Goal of the exercise =
An exact transcript of every entry is required, without any of the pictures.

[Stored data]
╭──

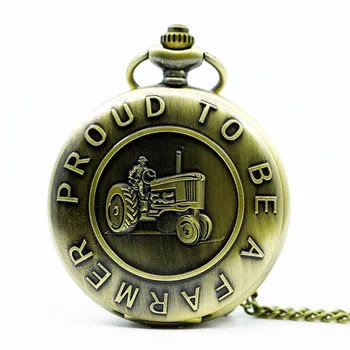 

Large quartz pocket watch classical design tractor pocket watch surrounding English quartz pocket watch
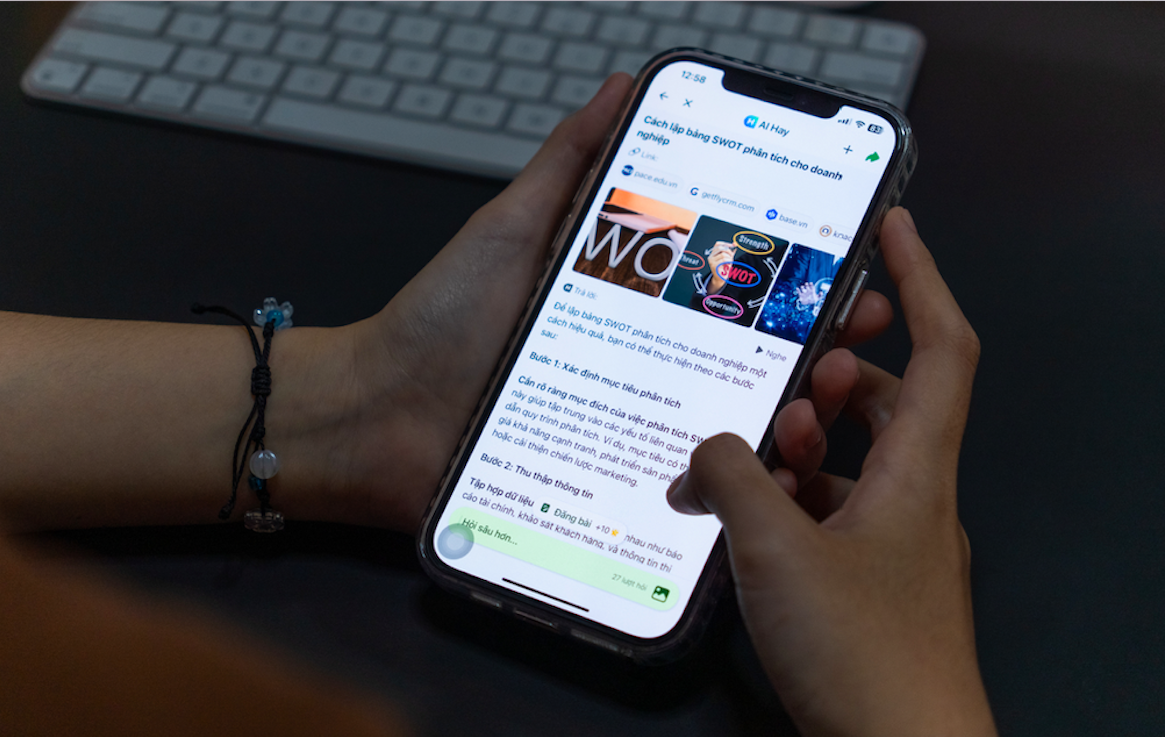 AI Hay hiện đã đạt hơn 15 triệu lượt tải, giữ vị trí dẫn đầu hạng mục “Giáo dục” trên App Store và Google Play tại Việt Nam.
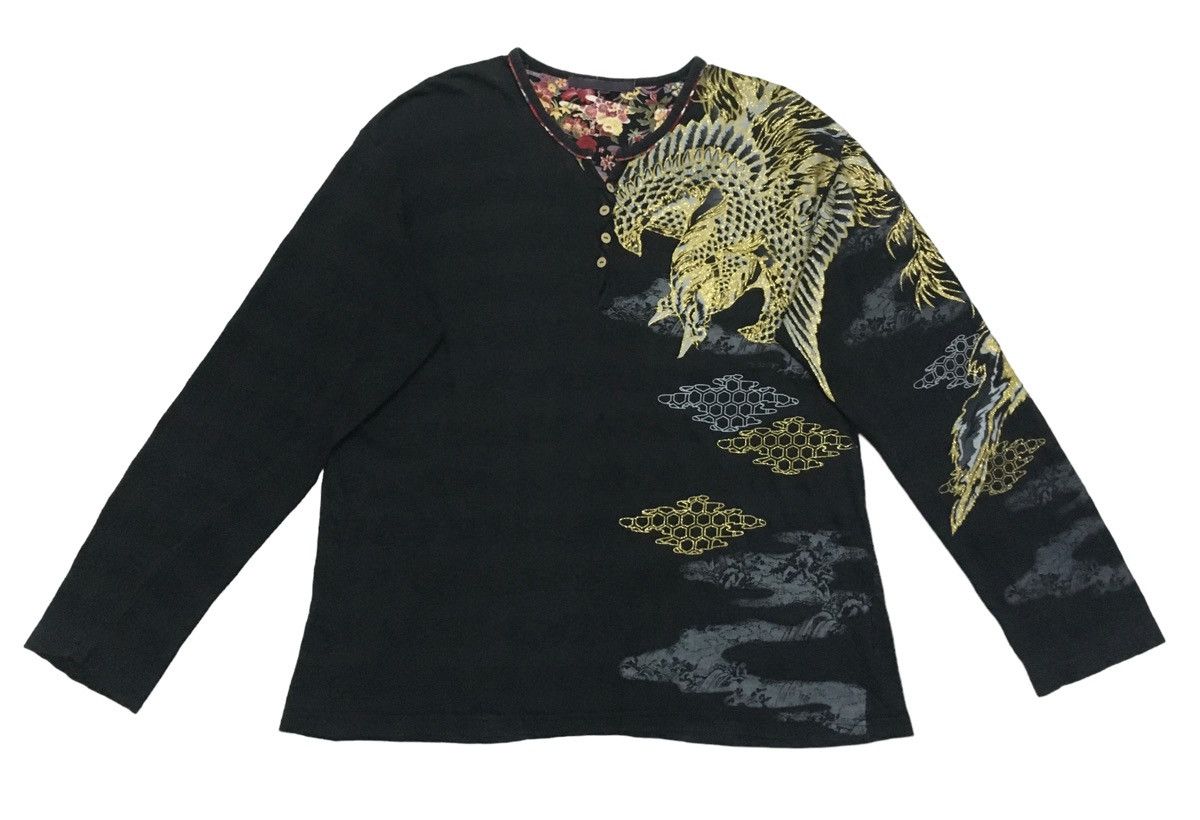 Japanese Brand × Vintage Rare Design Vintage Sukajan T-shirt 1990s Size US L / EU 52-54 / 3 - 2 Thumbnail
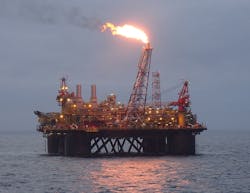 The semisubmersible production platform FPF-1 serves the Greater Stella Area in the UK central North Sea. The semisubmersible production platform FPF-1 serves the Greater Stella Area in the UK central North Sea.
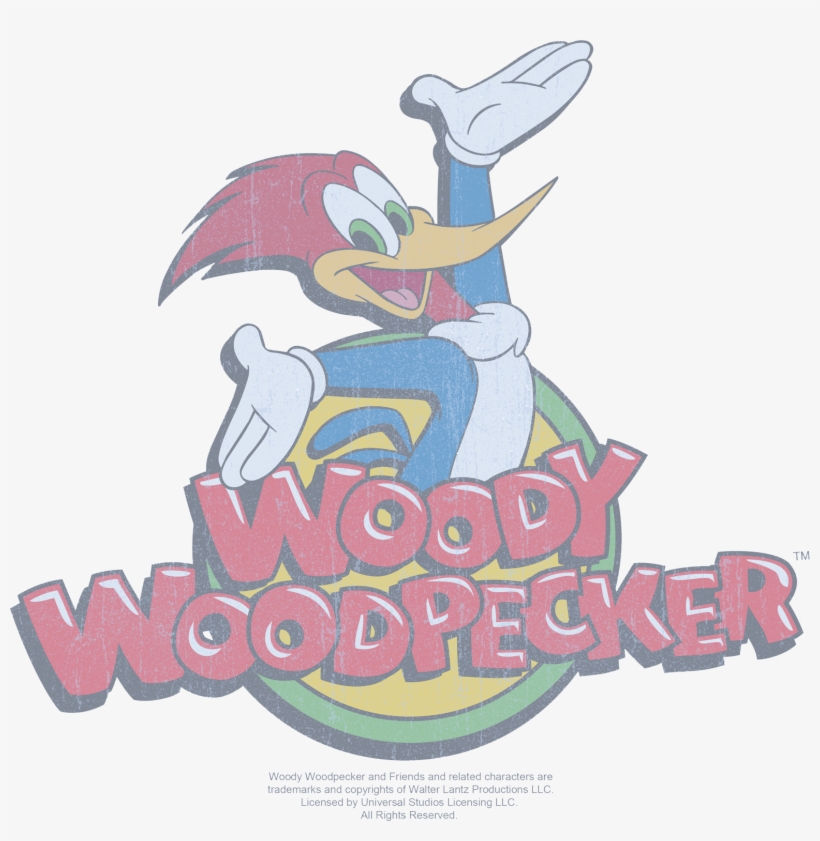Woody Woodpecker Retro Fade Women's T-shirt - Woody Woodpecker, transparent png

╰──

Answer =
Large quartz pocket watch classical design tractor pocket watch surrounding English quartz pocket watch
 AI Hay hiện đã đạt hơn 15 triệu lượt tải, giữ vị trí dẫn đầu hạng mục “Giáo dục” trên App Store và Google Play tại Việt Nam.
 Japanese Brand × Vintage Rare Design Vintage Sukajan T-shirt 1990s Size US L / EU 52-54 / 3 - 2 Thumbnail
 The semisubmersible production platform FPF-1 serves the Greater Stella Area in the UK central North Sea. The semisubmersible production platform FPF-1 serves the Greater Stella Area in the UK central North Sea.
Woody Woodpecker Retro Fade Women's T-shirt - Woody Woodpecker, transparent png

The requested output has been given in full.